JPEG

from Wikipedia, the free encyclopedia
logo
An image with quality levels decreasing from left to right

JPEG ([ ˈdʒeɪpɛɡ ]) is the common name for the ISO / IEC 10918-1 or CCITT Recommendation T.81 standard presented in 1992 , which describes various methods of image compression . The term "JPEG" goes back to the Joint Photographic Experts Group , which developed the JPEG standard.

JPEG suggests various compression and encoding methods, including lossy and lossless compression , different color depths, and sequential or progressive modes (normal image composition or gradual refinement). Only lossy compression is widespread in sequential or progressive mode and 8-bit color channels .

The JPEG standard only describes image compression processes, but does not specify how the resulting data should be saved. Commonly, “JPEG files” or “JPG files” are files in the graphic format JPEG File Interchange Format (JFIF). However, JFIF is just one way of storing JPEG data; SPIFF and JNG are other, albeit rarely used, options.

JPEG / JFIF supports a maximum image size of 65,535 × 65,535 pixels or 65,535 pixels on the longest side of the image.

Overview and standards

The JPEG standard ISO / IEC 10918-1 defines the following modes, of which only those with a colored background are used:

Sequentially (Sequential) Progressive (Progressive) Lossless (Lossless) Hierarchically (Hierarchical)
Huffman coding Arithmetic coding Huffman coding Arithmetic coding
8 bit 12 bit 8 bit 12 bit 8 bit 12 bit 8 bit 12 bit

In addition to the lossy mode defined in ISO / IEC 10918-1, there is also the improved, lossless compression method JPEG-LS , which was specified in another standard. There is also the JBIG standard for the compression of black and white images.
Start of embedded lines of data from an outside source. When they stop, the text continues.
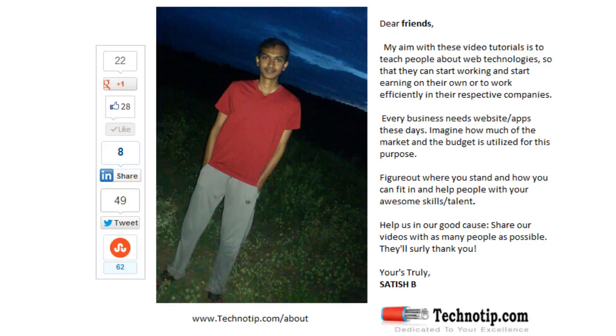Please share this video with your friends on Google Plus, LinkedIn, Twitter, Facebook, StumbleUpon, etc. Stay subscribed to technotip.com and our YouTube channel, and don't forget to like this video on YouTube.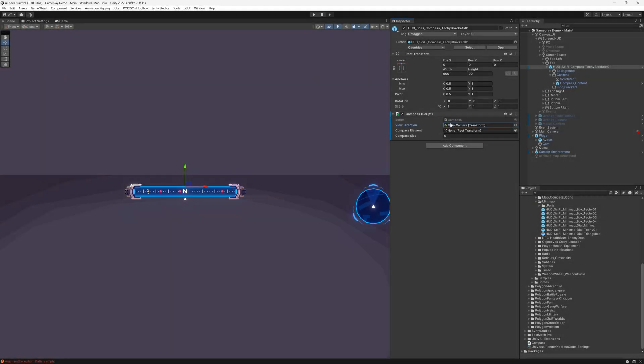Back in Unity, set the references to our main camera and to the parent object that has our cardinal points.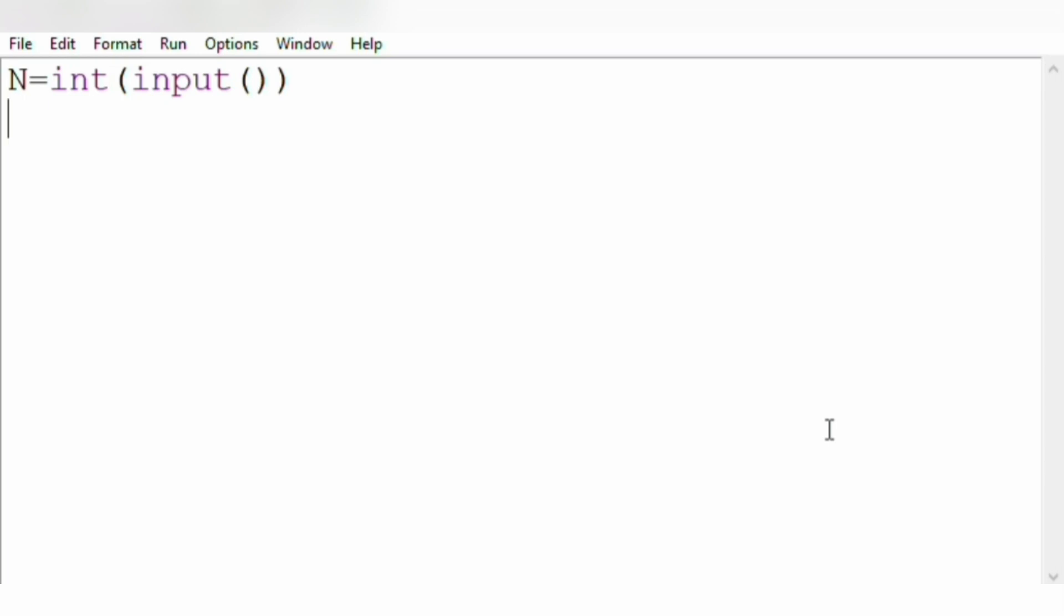Now let us convert this integer to a binary string by using the binary function bin(N), where we are passing N to the binary function. Now this binary function will print 0b as a prefix.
JPEG and JPEG-LS are defined in the following standards:

JPEG (lossy and lossless): ITU-T T.81 (PDF; 1.1 MB), ISO / IEC IS 10918-1
JPEG (extensions): ITU-T T.84
JPEG-LS (lossless, improved): ITU-T T.87, ISO / IEC IS 14495-1

The JPEG standard has the official title Information technology - Digital compression and coding of continuous-tone still images: Requirements and guidelines . The “joint” in the name comes from the collaboration between ITU , IEC and ISO .

The JPEG compression

The JPEG standard defines 41 different sub-file formats, of which mostly only one is supported (and which covers almost all use cases).
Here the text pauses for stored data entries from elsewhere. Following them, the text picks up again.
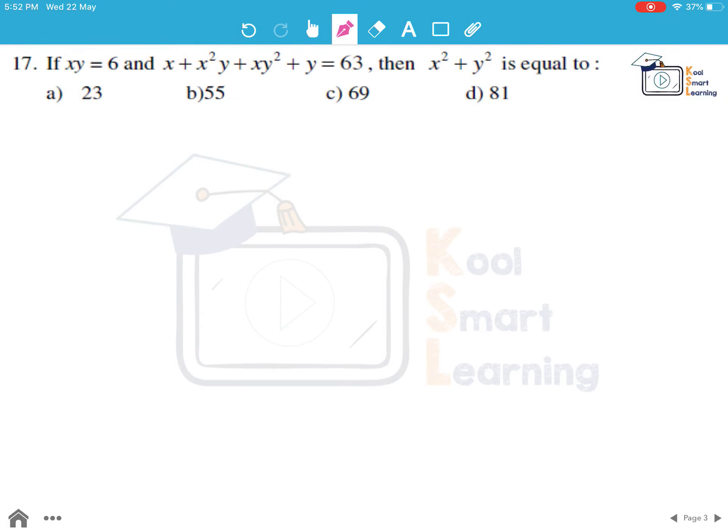Moving on to the next question. If xy equals 6 and x plus x²y plus xy² plus y equals 63, then x² plus y² equals...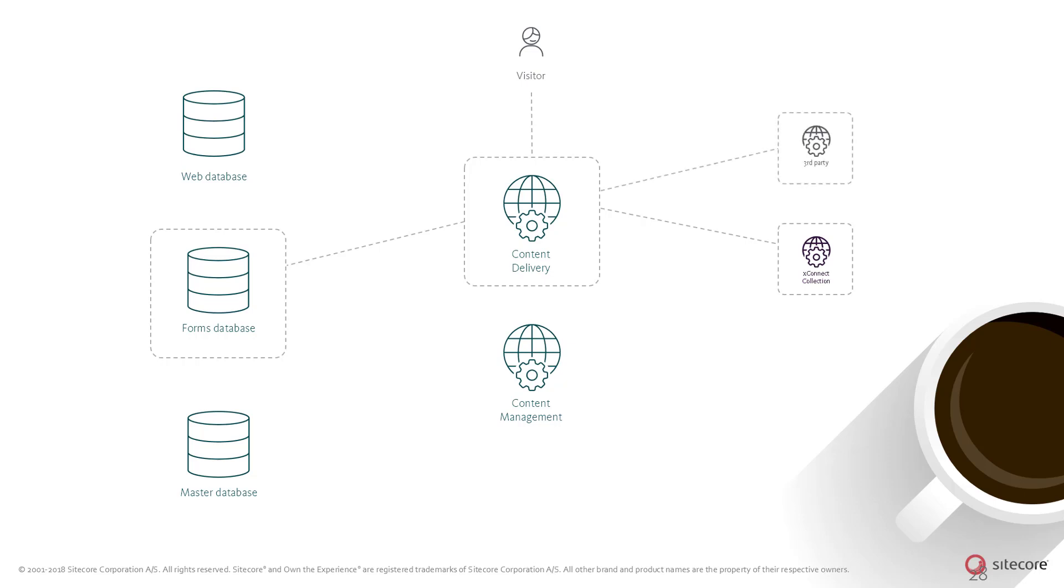The forms architecture is flexible and allows custom field types and custom actions to be plugged in. This means that the Sitecore forms module can submit information to anywhere, for example, third-party web services or databases.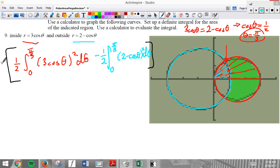What we learned: it's easy to keep going around in a full circle looking for something convenient, but we want to stop when we're at the boundary of the desired region. Stop at pi over 3, not pi over 2.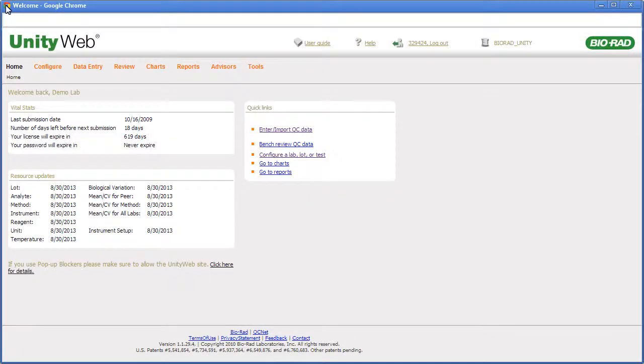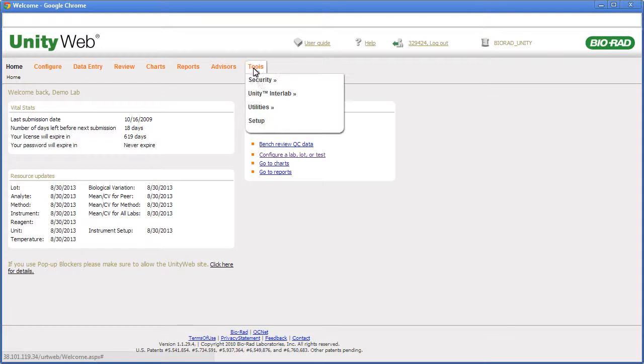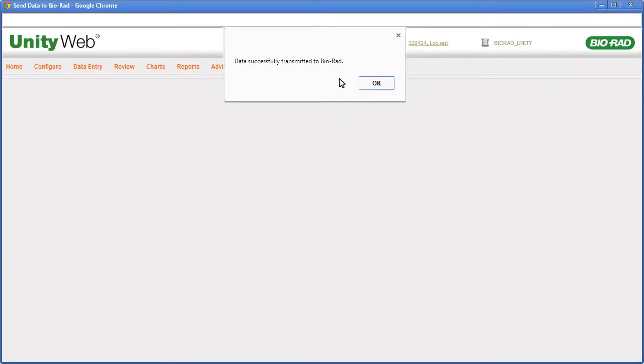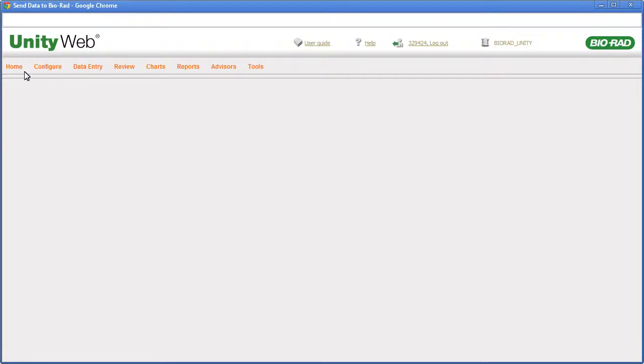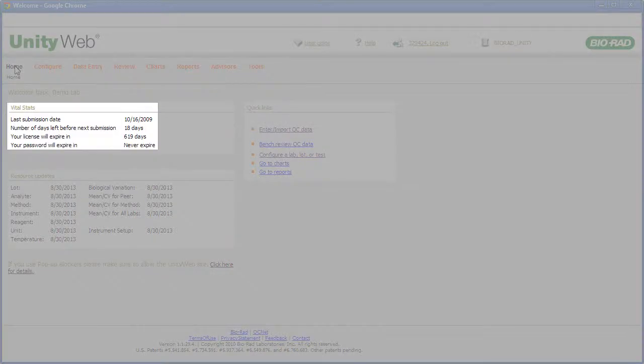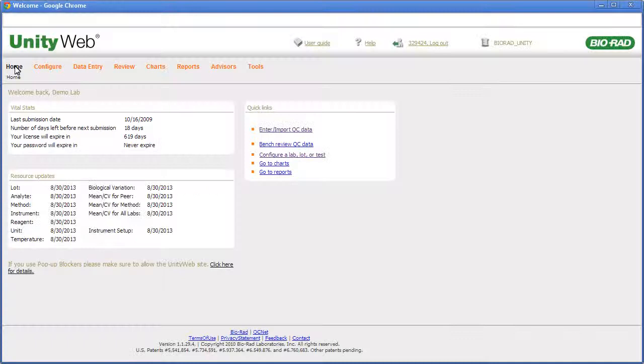When using the manual method, point to Tools, point to Unity Interlab, and click Send Data to Bio-Rad. A dialog box appears asking if you are sure you want to send data to Bio-Rad. A dialog box appears confirming that data successfully transmitted to Bio-Rad. Note that your home page shows the date of your last data submission.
The compression is done by applying multiple processing steps, four of which are lossy.

The data reduction takes place through the lossy processing steps in cooperation with the entropy coding .
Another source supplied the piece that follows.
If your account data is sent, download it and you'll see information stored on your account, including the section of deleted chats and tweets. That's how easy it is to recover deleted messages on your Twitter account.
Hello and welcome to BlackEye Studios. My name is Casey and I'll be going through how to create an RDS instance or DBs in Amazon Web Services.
Compressions of up to around 1.5–2 bits / pixel are visually lossless, at 0.7–1 bits / pixel good results can still be achieved, below 0.3 bits / pixel JPEG becomes practically useless, the image is increasingly characterized by unmistakable compression artifacts ( Block formation, stepped transitions, color effects on gray wedges). The successor JPEG 2000 is much less susceptible to this type of artifact.

If you look at 24-bit RGB files as the source format, you get compression rates of 12 to 15 for visually lossless images and up to 35 for still good images. In addition to the compression rate, the quality also depends on the type of images. Noise and regular fine structures in the image reduce the maximum possible compression rate.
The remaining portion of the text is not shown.